A realidade das contratações, porém, caminha na direção oposta: dificuldades para encontrar emprego, salários iniciais que não cobrem o aluguel e empresas onde a inteligência artificial já substitui tarefas humanas. Em meio a esse contraste, muitos jovens optam por trabalhar para o setor privado: dinheiro, estabilidade, viagens, benefícios e — para alguns — a sensação de estarem realizando um trabalho mais humano do que qualquer planilha do Excel.
O preço do luxo: o que não aparece no Instagram
Por trás dos números extraordinários e das fotos ao lado de piscinas infinitas, a realidade é mais complexa. Segundo depoimentos coletados pelo Business Insider e pelo The New Yorker, esses trabalhos são tão lucrativos quanto exigentes. A jornada pode ultrapassar 70 ou 80 horas semanais e, durante o verão ou em turnês internacionais, chega perto de 100 horas. "Disponibilidade absoluta" — 24 horas por dia, durante semanas consecutivas — é a verdadeira moeda de troca.
E o luxo não alivia o fardo: pelo contrário, o intensifica. Em alguns casos, as babás viajam de primeira classe, participam de jantares exclusivos ou se hospedam em suítes de hotéis cinco estrelas. Em outros casos, como explica o The Guardian, as crianças comem separadamente, viajam em classe econômica enquanto os pais viajam em classe executiva ou devem seguir protocolos rígidos sobre como entrar em uma sala, onde ficar, o que dizer ou não dizer.
A isso se soma a exigência de discrição absoluta. O The New Yorker documenta acordos de confidencialidade, controle de redes sociais, manuais domésticos e regras sobre vestimenta, horários e até mesmo o tipo de calçado ou presença em certos cômodos. As funcionárias vivem "na fronteira entre a intimidade e o anonimato": sabem de tudo, mas não podem dizer nada. E tudo isso resulta em um custo emocional muito alto. Muitas babás reconhecem que esse tipo de trabalho torna quase impossível ter filhos próprios, manter um relacionamento ou construir um círculo social estável. Uma delas resume assim, citada pela mesma fonte: "É viver a vida dos outros, não a sua".

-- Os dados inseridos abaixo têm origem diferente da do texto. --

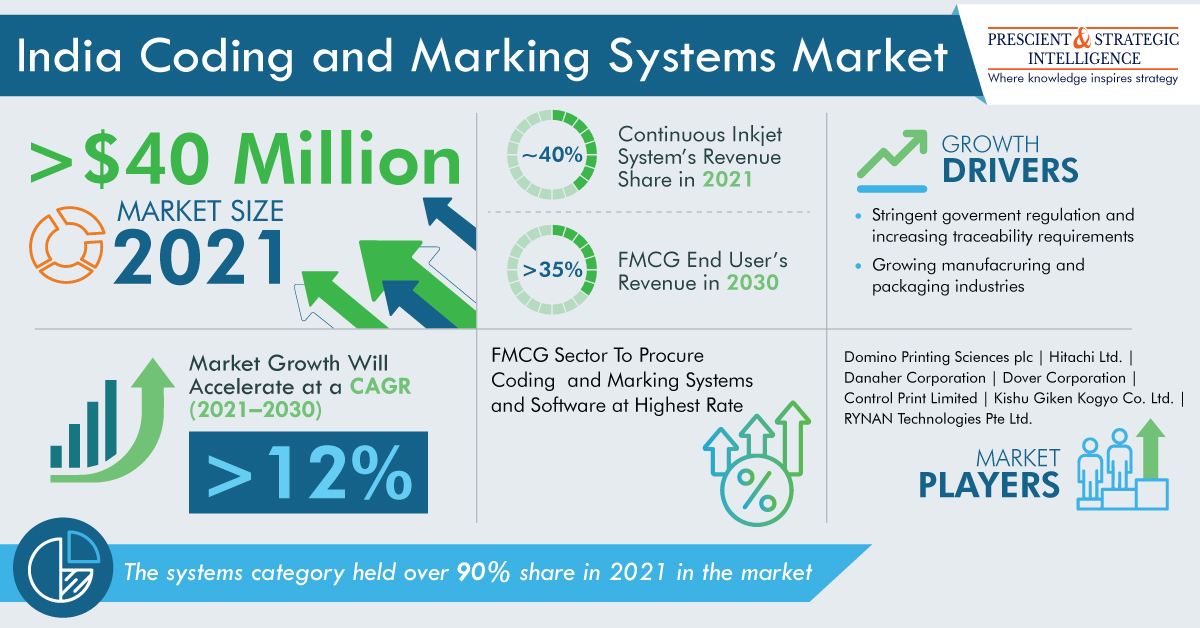 Image for India Coding and Marking Systems Market Growth, Development and Demand Forecast to 2030 with ID of: 5543035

Para onde tudo isso está caminhando?
Palm Beach, Londres, Nova York, Los Angeles, Dubai, Mônaco. Onde quer que a riqueza chegue, surgem agências, listas de espera e competição pelos melhores profissionais. Em alguns lugares, a pressão é tão intensa que profissionais qualificados são escassos mesmo em meio a centenas de solicitações. As famílias querem experiência, discrição, profissionalismo e, cada vez mais, formação universitária.
O serviço doméstico não é mais um emprego: tornou-se uma carreira. Mas com essa profissionalização, a distância também aumenta. São trabalhos que exigem estar dentro sem nunca fazer parte do interior. Proximidade sem pertencimento. Intimidade sem reciprocidade. Uma fronteira silenciosa que define a era. Enquanto isso, outra metade do setor de cuidados permanece presa a salários que mal permitem a sobrevivência. O contraste é brutal: o mesmo sistema que eleva uma babá a US$ 200 mil relega outra, fora do circuito da elite, ao salário mínimo.
O que esse fenômeno revela
Em um mundo onde jovens embarcam em iates de luxo em busca da estabilidade que os escritórios já não oferecem, a ascensão de babás e assistentes de elite não é uma simples mudança de emprego. É um sintoma.
Revela uma economia organizada em torno daqueles que podem pagar por tempo, atenção e afeto. Revela uma geração que, diante de um mercado de trabalho disfuncional, encontra suas melhores oportunidades não em construir seu próprio futuro, mas em sustentar — com dedicação absoluta — o futuro dos mais ricos.
E levanta, em segundo plano, uma questão perturbadora: que tipo de sociedade estamos criando se as carreiras mais promissoras consistem em servir, com excelência e invisibilidade, o 1% que concentra a riqueza?